─── Input records

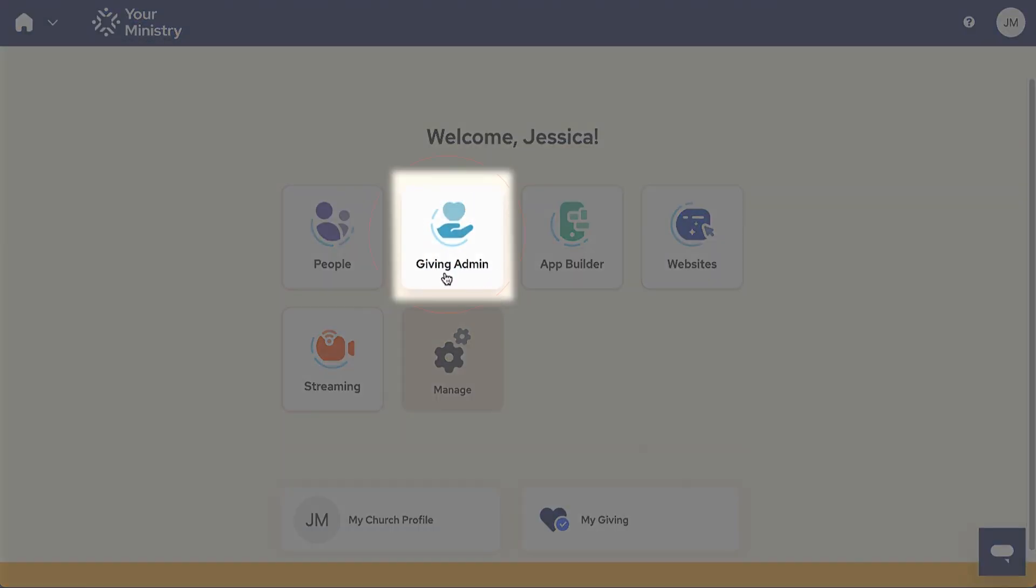Giving Admin is where you'll handle all things online giving. In the Giving Admin module, you'll find funds and donors, update bank information and more.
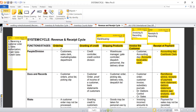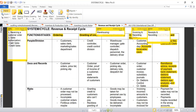To summarize what we've done: I've explained the functions in the Revenue and Receipt Cycle, the different people at each stage, and outlined the documents and records used throughout the cycle. Your homework is to think out of the box about what could go wrong at each of those respective stages — in other words, what are the potential risks that could occur within each stage? That is exactly what we're going to cover in our next session.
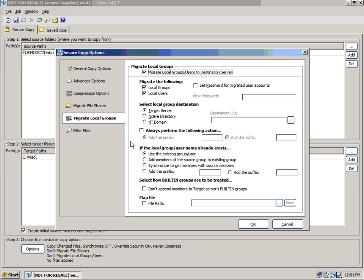Then we have another option to select how built-in groups are to be treated. Typically, we would not want to append the members of the target server's built-in groups. Meaning, if someone was an administrator on one server, we wouldn't necessarily want them to be part of that on the other server when we migrated over if there were local groups and users that were members of the local admin's group.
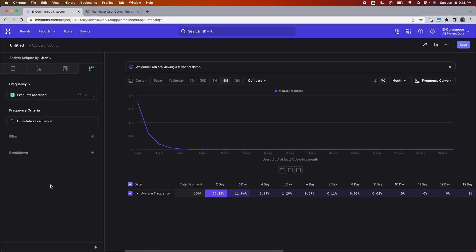It makes it so that your chart looks a bit smoother and that it always trends downwards. Because you can't have more people in the five-day bucket than the four-day bucket, since everyone who's in the five-day bucket is also in the four-day bucket.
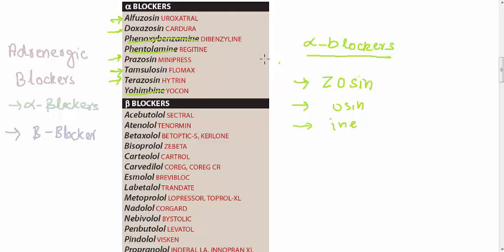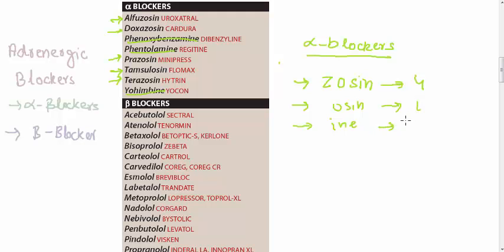Just to revise it. Zosins, there are four Zosins: Alfuzosin, Prazosin, Terazosin and Doxazosin. One Osin, and that is Tamsulosin. And three Enes: Phenoxybenzamine, Phentolamine and Yohimbine.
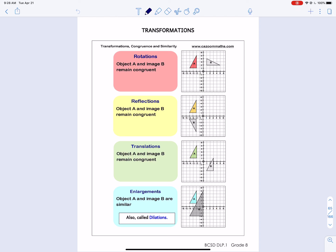This is day six for the second distance learning packet math section. We are starting with something that we actually haven't yet gone over this year. These are called transformations, and the four that we study are listed here.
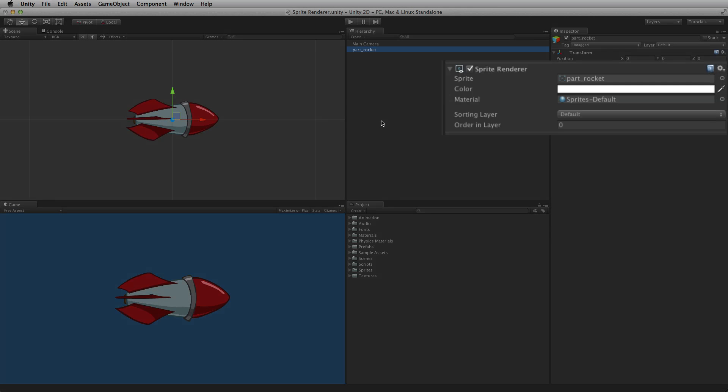The sprite renderer component displays images that have been imported as the sprite type for use in both 2D and 3D scenes.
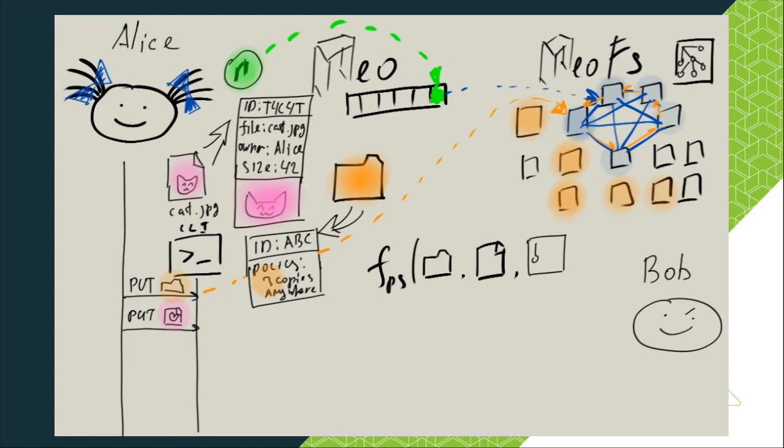When one wants to put or get an object, a special placement function is called. It will apply storage policy to the network map and calculate the list of nodes responsible for the container.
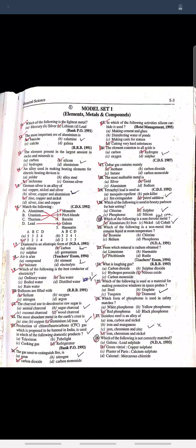Question: An alloy used in making heating elements for electric heating devices? Answer: Nichrome.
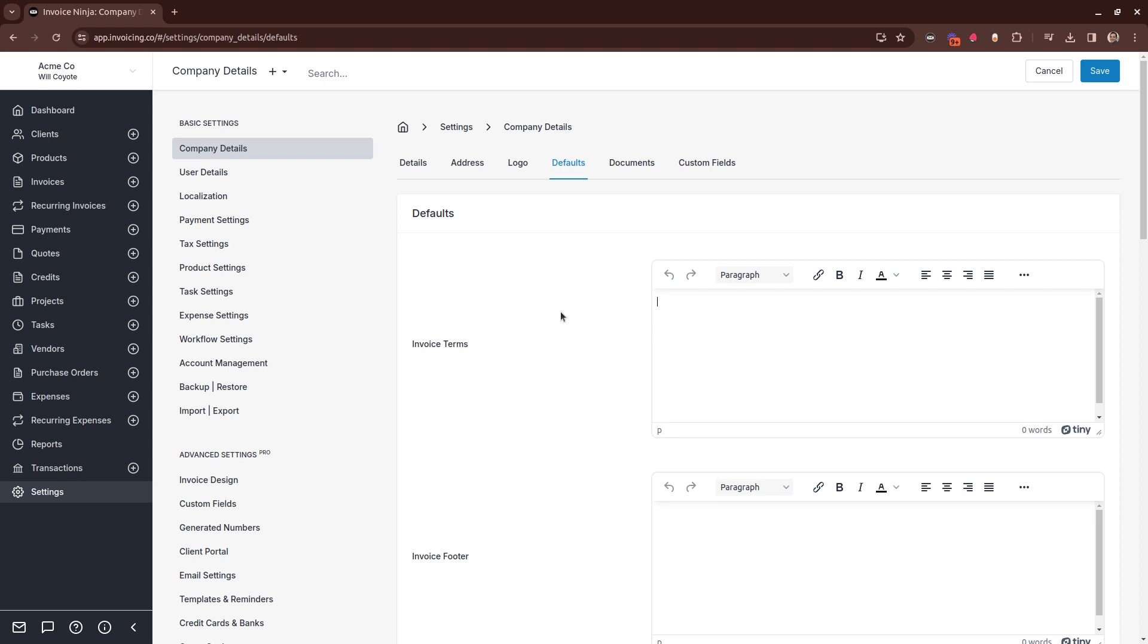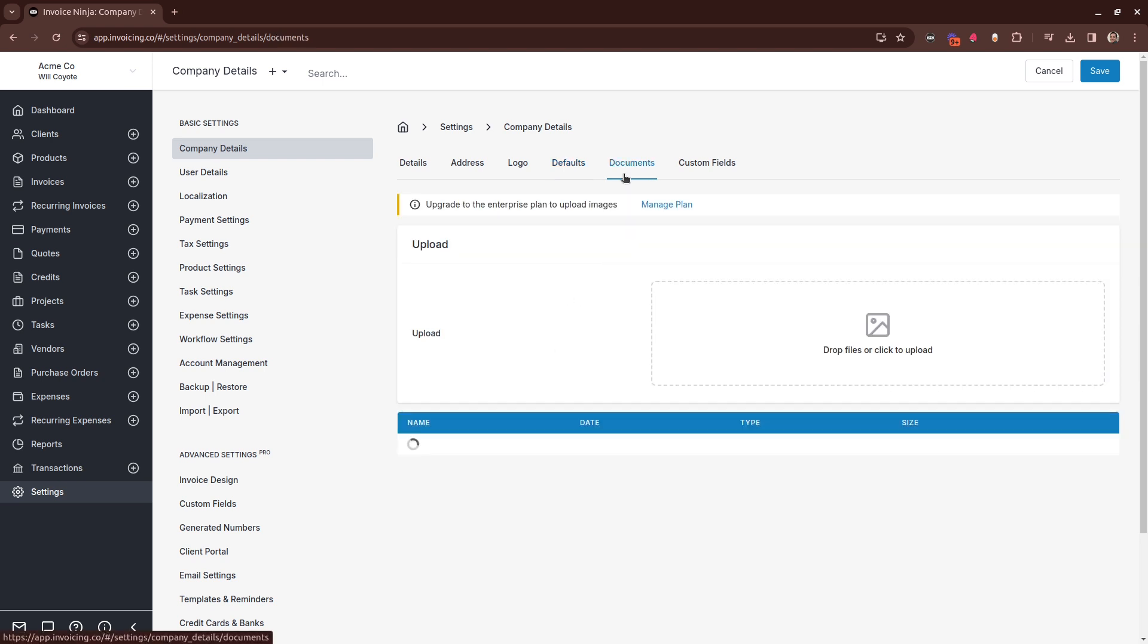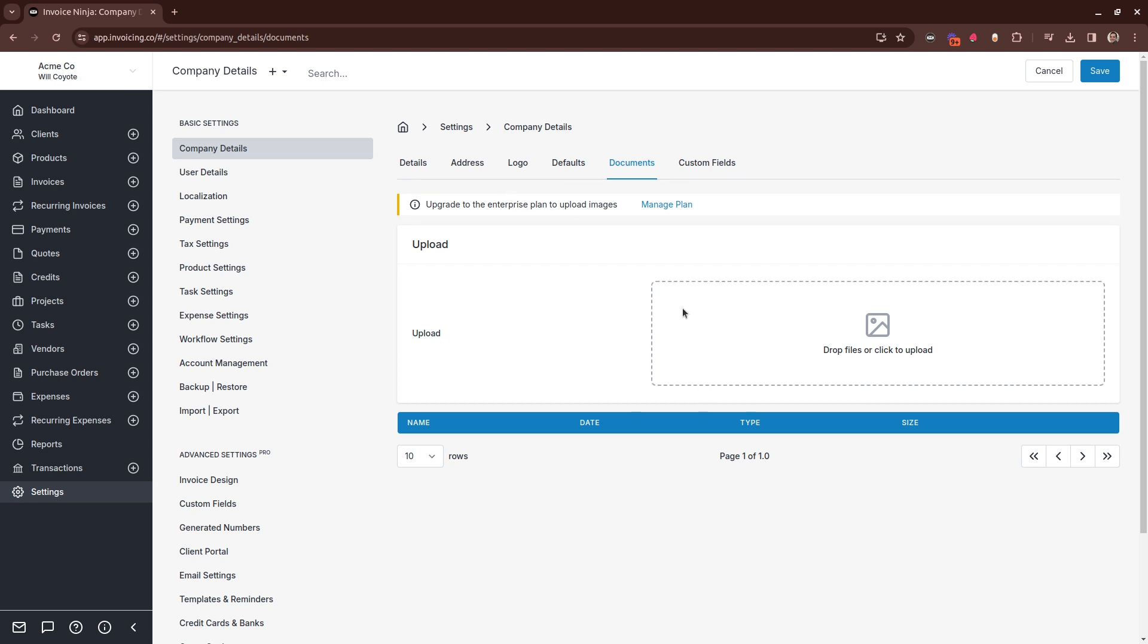If you're an Enterprise customer, you can also attach documents. Documents in this section will be attached to all outbound emails. So if you have a standard contract or a standard set of terms that you want to be sent with each invoice, you can attach this into this section here and then in settings,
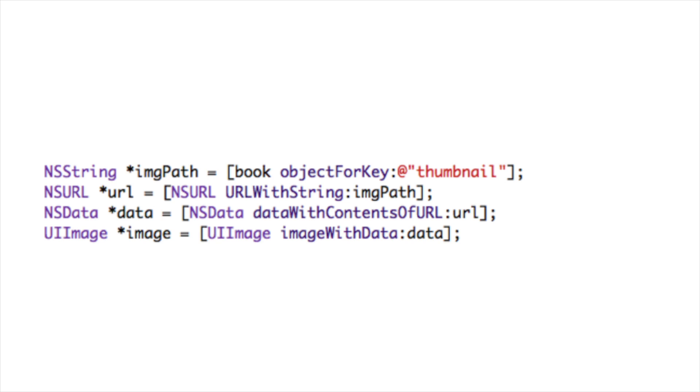So the first thing we're going to look at is how we retrieve an image from the URL. And it's a multi-step process. The first thing we need to do is retrieve the URL from the data. And in the example I've shown you, you can see we have an array of dictionaries. And once we've loaded it into Xcode, we're going to retrieve the book data as an NS dictionary. And obviously the URL would be object for key thumbnail.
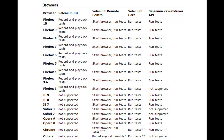Selenium Remote Control can run tests on Firefox 10, Firefox 9, Firefox 8, Firefox 7, Firefox 6, Firefox 5, Firefox 4, Firefox 3.6, and Firefox 3. It can also run tests on Internet Explorer 9, Internet Explorer 8, and Internet Explorer 7, as well as Opera 9 and Opera 8. Selenium Remote Control can also run tests on Chrome, but Chrome is supported in collaboration with the Chromium team.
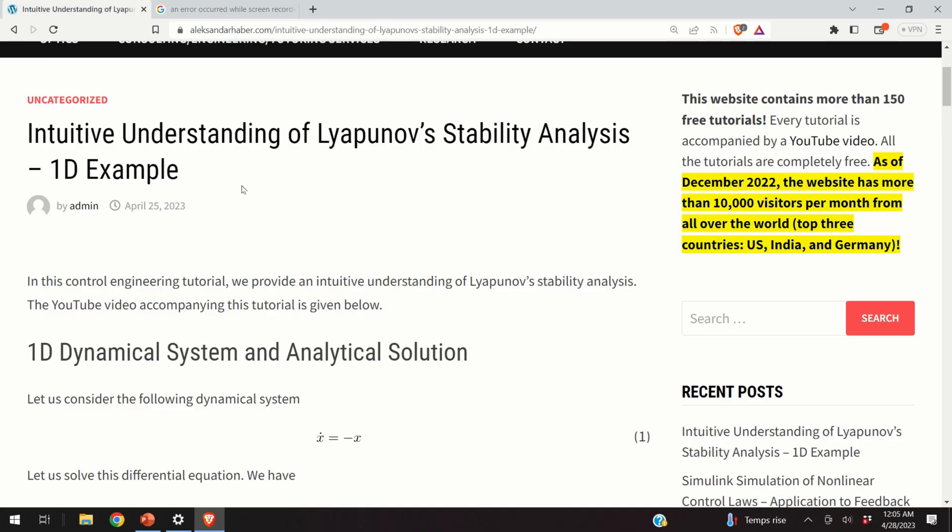Hello everyone and welcome to Control Engineering, Robotics and Control Theory Tutorials. In these tutorials we provide real and applicable knowledge of microtronics, Control Engineering, Robotics and Control Theory.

──────

Which part of the entries opens with the line containing "To summarize what" and closes with the line containing "Then we have"? Output that part exactly, ends included, pictures excluded.

To summarize what we've done: I've explained the functions in the Revenue and Receipt Cycle, the different people at each stage, and outlined the documents and records used throughout the cycle. Your homework is to think out of the box about what could go wrong at each of those respective stages — in other words, what are the potential risks that could occur within each stage? That is exactly what we're going to cover in our next session.
Then we have another option to select how built-in groups are to be treated. Typically, we would not want to append the members of the target server's built-in groups. Meaning, if someone was an administrator on one server, we wouldn't necessarily want them to be part of that on the other server when we migrated over if there were local groups and users that were members of the local admin's group.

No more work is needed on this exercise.